------ Information provided

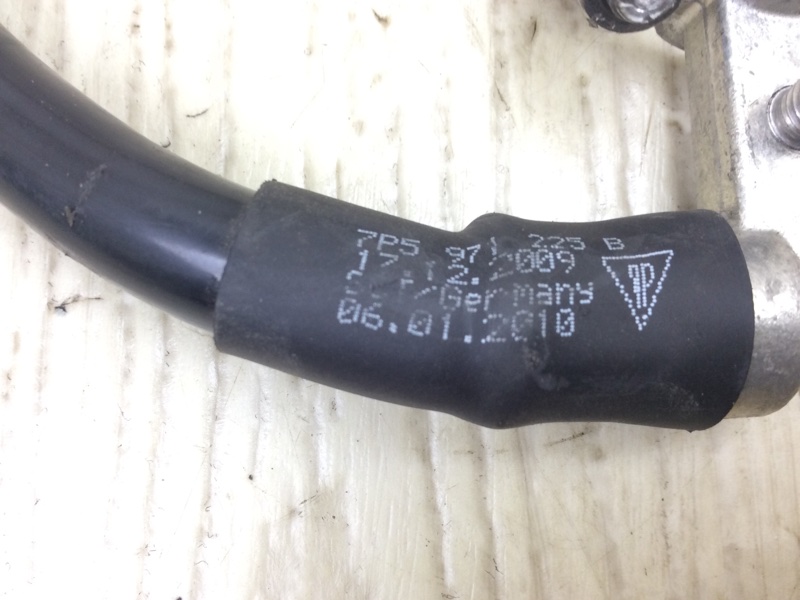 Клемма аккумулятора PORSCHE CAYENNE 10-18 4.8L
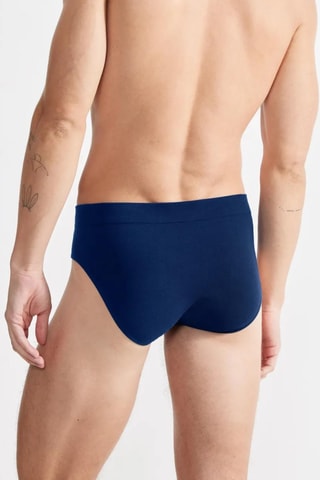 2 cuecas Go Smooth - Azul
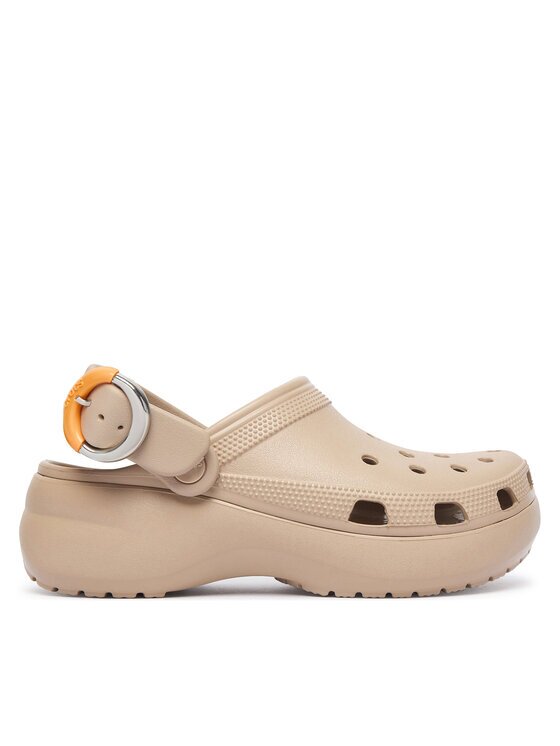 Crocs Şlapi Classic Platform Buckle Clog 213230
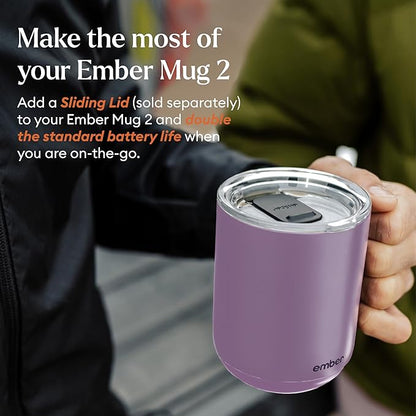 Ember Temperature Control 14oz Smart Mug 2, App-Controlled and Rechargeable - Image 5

------------

What is being asked | All of the data is to be returned exactly, with no pictures included.

Exercise output |
 Клемма аккумулятора PORSCHE CAYENNE 10-18 4.8L
 2 cuecas Go Smooth - Azul
 Crocs Şlapi Classic Platform Buckle Clog 213230
 Ember Temperature Control 14oz Smart Mug 2, App-Controlled and Rechargeable - Image 5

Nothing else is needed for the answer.